My very first exhibition was a group show – no theme, just a collection of work gathered from whoever I could convince to let me have work.  I’d visited studios, talked to artists and gathered an exhibition together.  It was a start.  There was good work and it was varied. It is this variety that has become the hallmark of Cupola in many ways.  It was an interesting experience too, talking to artists and asking them to show work in an unknown gallery, in what many considered an odd location, run by a 23 year old recent art graduate with no experience.

An artist recently, for my 2oth anniversary year, very candidly recalled her reaction to being asked by me to submit work to the gallery all those years ago.  She said she had rejected my request in a fairly dismissive manner, but later, having visited the gallery and seen work on exhibition by the now extremely well known potter/artist, Edmund De Waal, changed her mind.  Edmund exhibited with Cupola on a number of occasions before he moved out of Sheffield and down to London.  In fact, my mother in law still has three of his pieces, unlike me, who managed to break the coffee pot I had.  I believe they still have the prices on the bottom £16.50 on each vessel and £38 for the jug.  Not likely to get any of Edmund’s pieces for the price now!!

 

Edmund De Waal's Atmosphere at the Turner Contemporary 2015

Edmund De Waal’s Atmosphere at the Turner Contemporary 2015

Edmund De Waal talking about his work at the Turner Contemporary.

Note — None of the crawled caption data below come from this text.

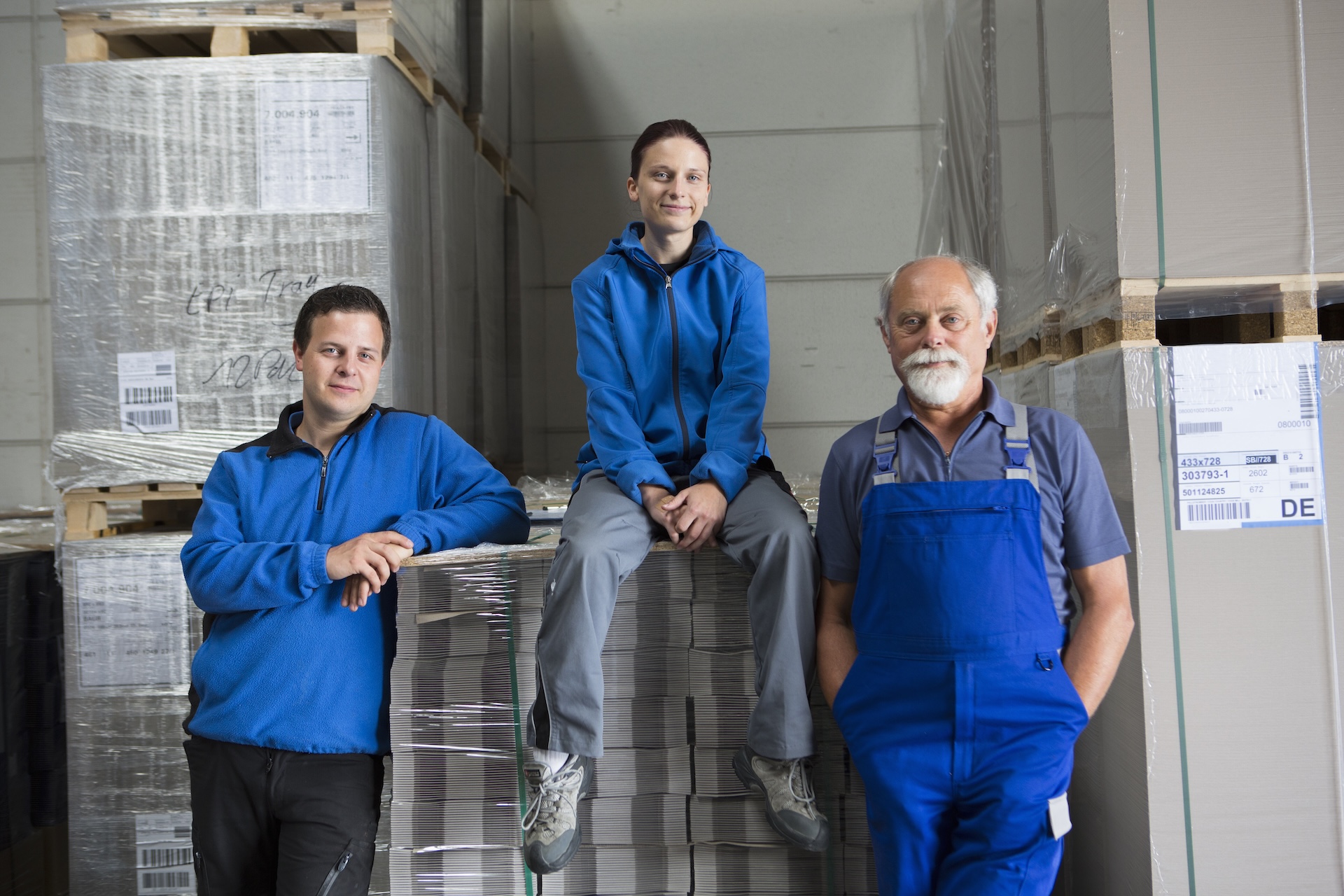 WhatzIndustry - portrait of team of factory workers 2025 04 04 21 11 39 utc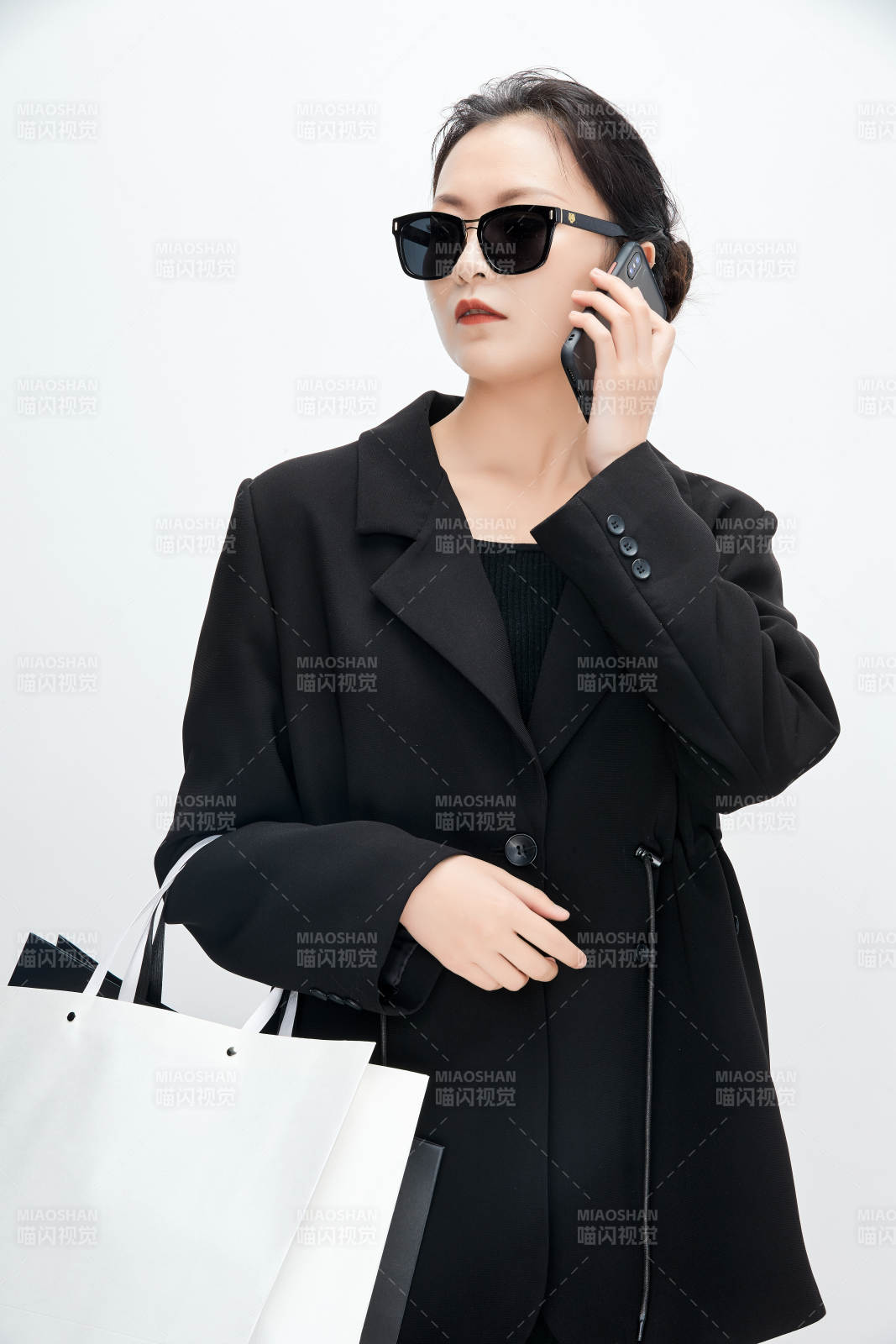 白色背景下手提购物袋时尚美丽的亚洲少女图片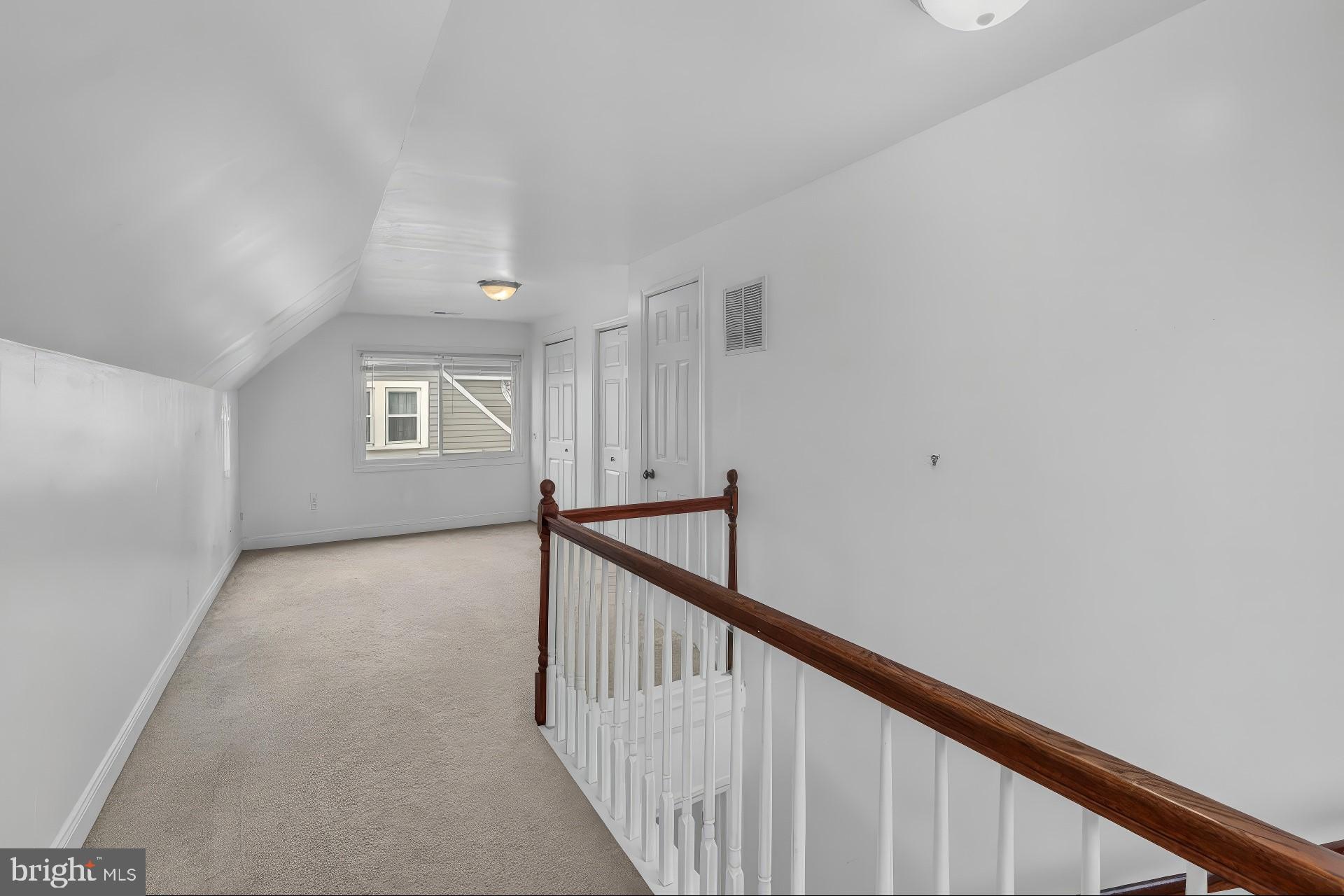 COLONIAL HOUSING - Residential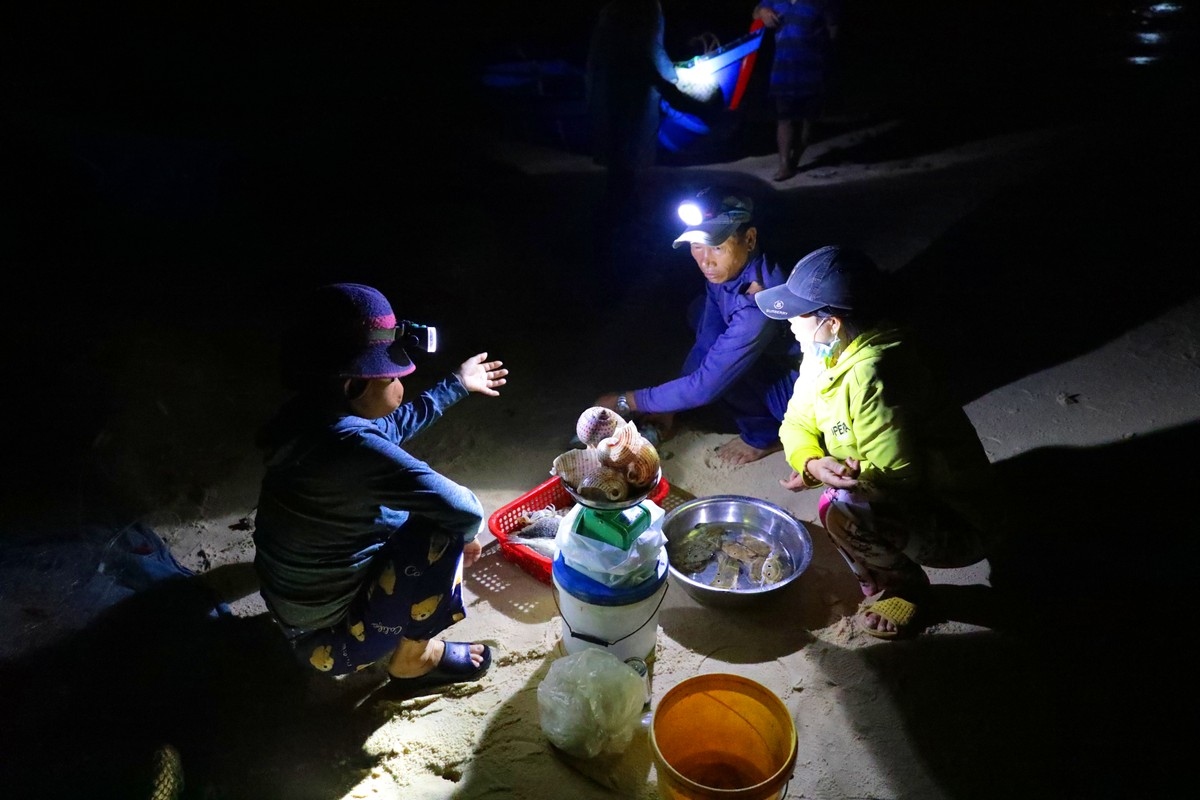 Việc mua - bán ở bến sớm diễn ra rất nhanh chóng để người mua còn kịp tới những chợ xa hơn. Người bán ở đây hầu như không nói thách, bởi “bán để người ta còn đi bán lại kiếm đồng lời, mình đâu cần thách giá”, một chị giãi bày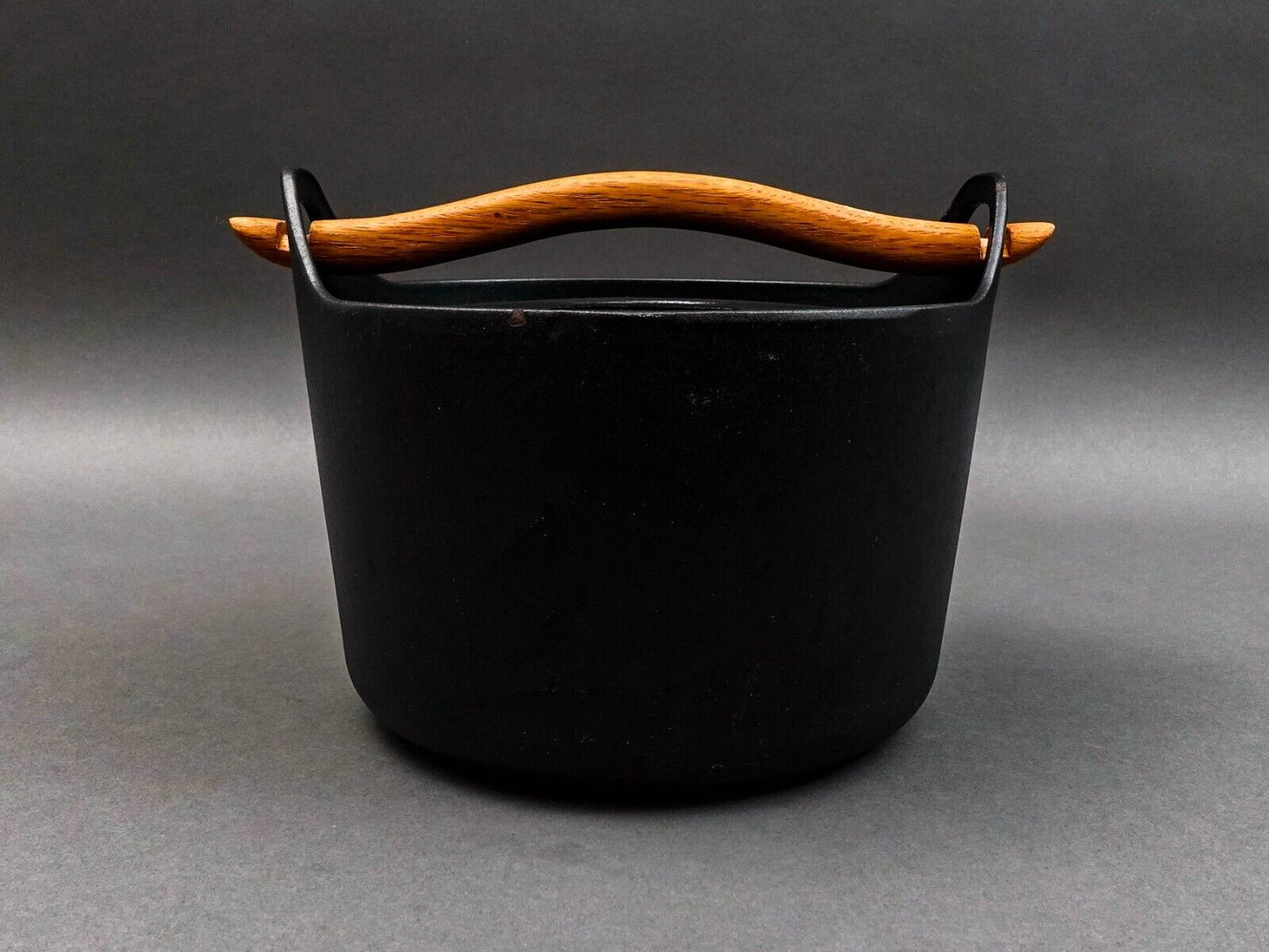 Iittala Finland Timo Sarpaneva Vintage Cast Iron Casserole Pot 1960 Design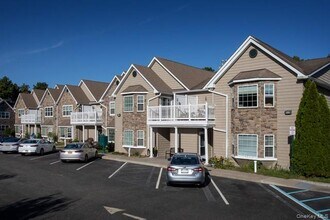Building Photo - 86 Adams Way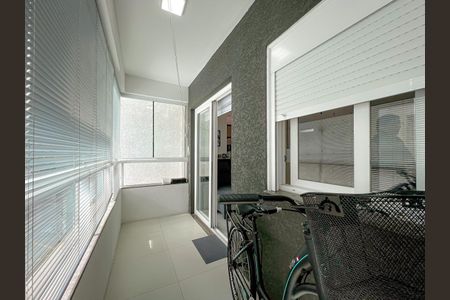 Apartamento à venda com 62m², 2 quartos e 1 vaga Apartamento à venda com 62m², 2 quartos e 1 vagaSacada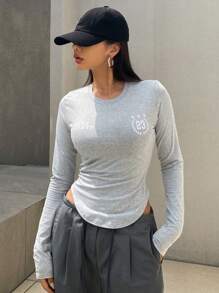 DAZY 女式春夏字母印花裹身下摆弧形下摆针织衫，秋季服装学院风上衣长袖女式上衣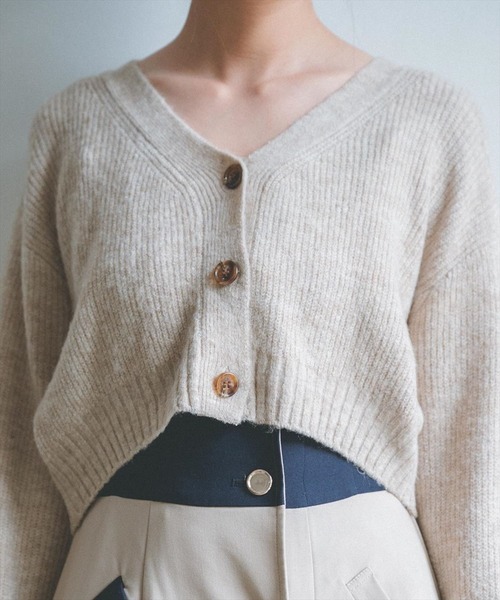 REDYAZEL（レディアゼル）の「畦ニットカーディガン（カーディガン/ボレロ・レディース・グリーン/アイボリー/ブラック・FREE）」の9枚目の写真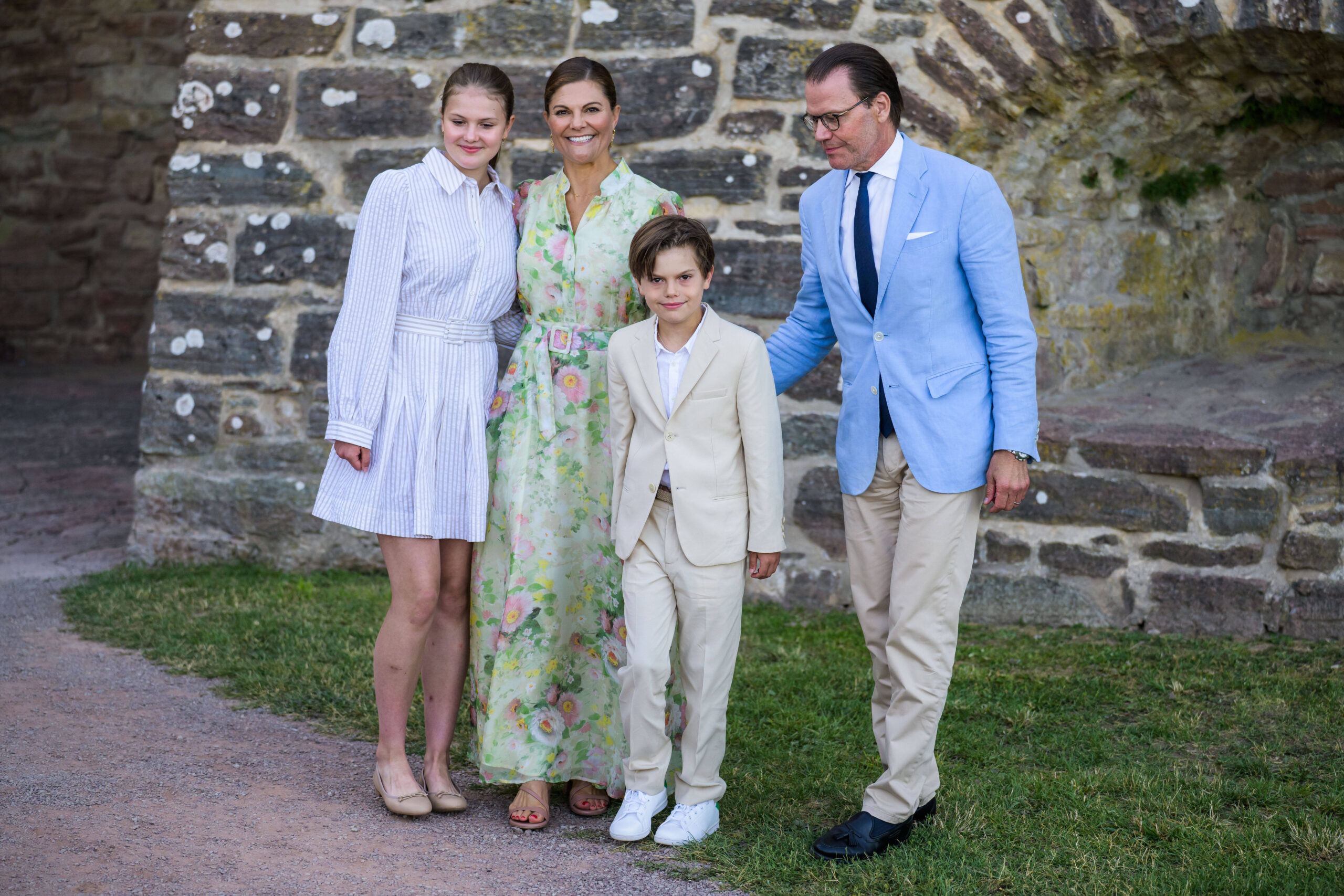 Prinzessin Estelle, Kronprinzessin Victoria, Prinz Oscar und Prinz Daniel bei der Victoriapreis-Verleihung in Borgholm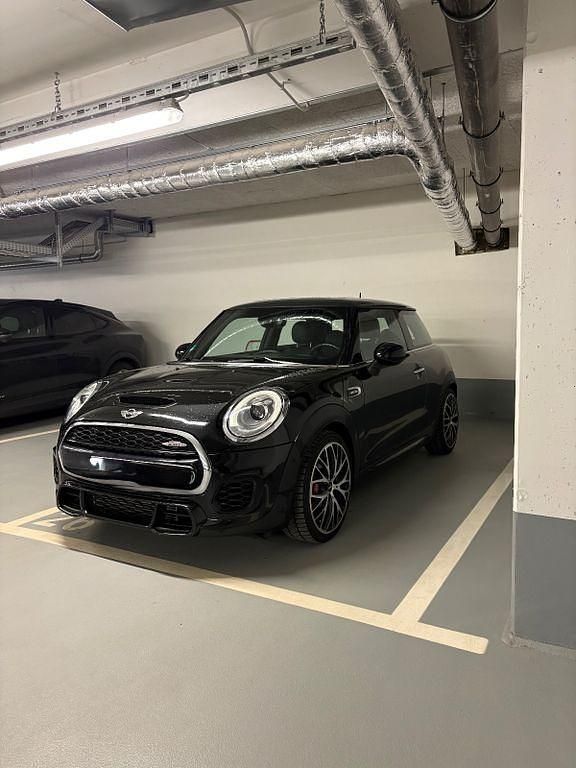 Schwarz Gebraucht 2015 Mini John Cooper Works Kleinwagen | 15.900 € (Etwas zu teuer) - Bild 1/4
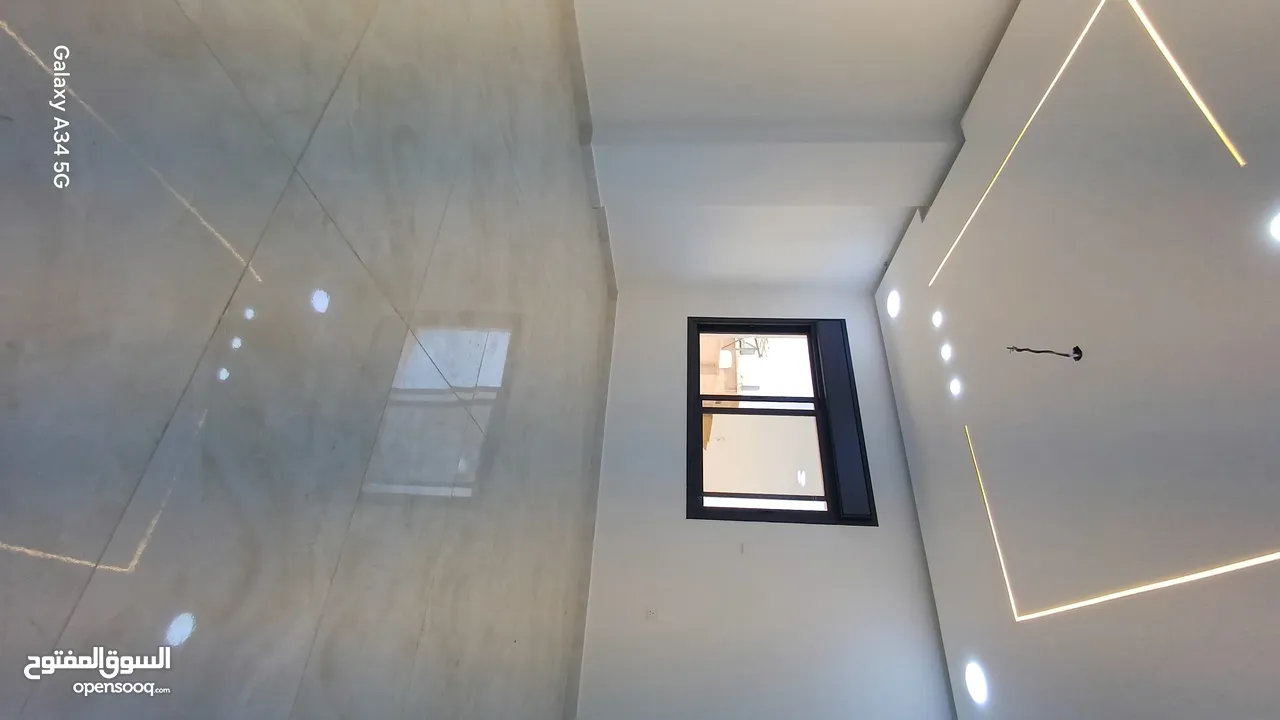 شقة فاخرة للبيع التامنة ط2هندسي 155م + تراس ومصعد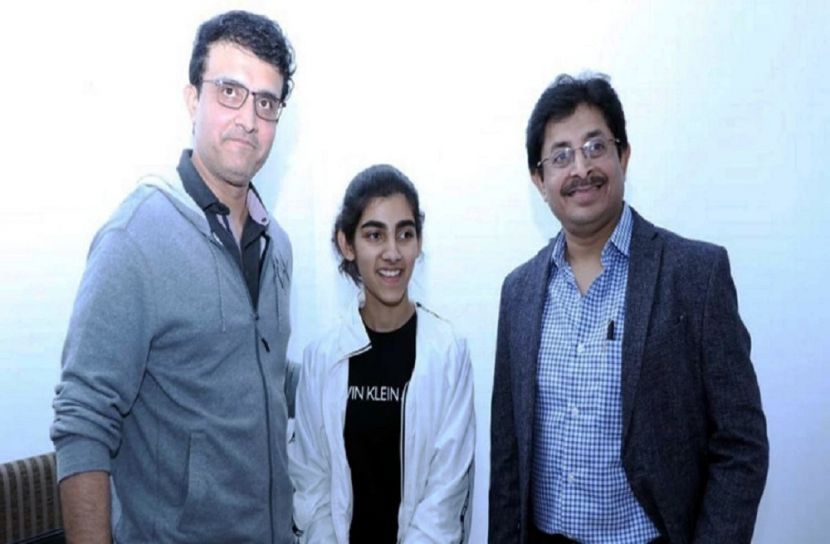 এবার দাদা’র বাড়িতে করোনার হানা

Edmund De Waal talking about his work at the Turner Contemporary.

Edmund doesn’t seem to have changed much by the looks of this picture.  Just like me I’m sure lol!

It was only really after my wonderful mentoring experience from David Butterfield (see earlier post) within a few months of opening that really helped me get my exhibition programme off the ground.  And once a structure was in place, I was off!  I never thought of myself as a ‘curator’ at the time and don’t really think that of myself even now.  It is the correct term I’m sure, but I think of myself simply as someone who tries to host interesting, thoughtful, exciting and importantly for me, engaging exhibitions.

Suffice to say, I have had, over the years, exhibitions of every conceivable type including:

  • solo shows
  • two person shows
  • painting
  • sculpture
  • printmaking
  • glass
  • textiles
  • fashion
  • jewellery
  • photography
  • furniture
  • performance
  • dance
  • poetry
  • comedy
  • music
  • installation
  • multimedia

Plus literally, by now, hundreds of themed exhibitions exploring politics, colour, gender, humour, nature, scale, process, light, time, religion, myth & legend, identity, recycling etc – the list goes on.

An example of a fairly early quarterly schedule detailing three upcoming exhibitions.

An example of a fairly early quarterly schedule detailing three upcoming exhibitions.

Oh look!  I found a picture from the time of ‘THAT’ fashion show.  Here he is…my boy in a bikini!  Richard whitely (Yorkshire TV) SO missed out on this one (again see earlier post).

Models for the Fashion show held at Cupola in 1993.

Models for the Fashion show held at Cupola in 1993.

After a bit of a rummage, I have found some early photos but it is hard to remember quite what happened when, as I am happy to admit I wasn’t exactly ‘systems woman’ in the early years.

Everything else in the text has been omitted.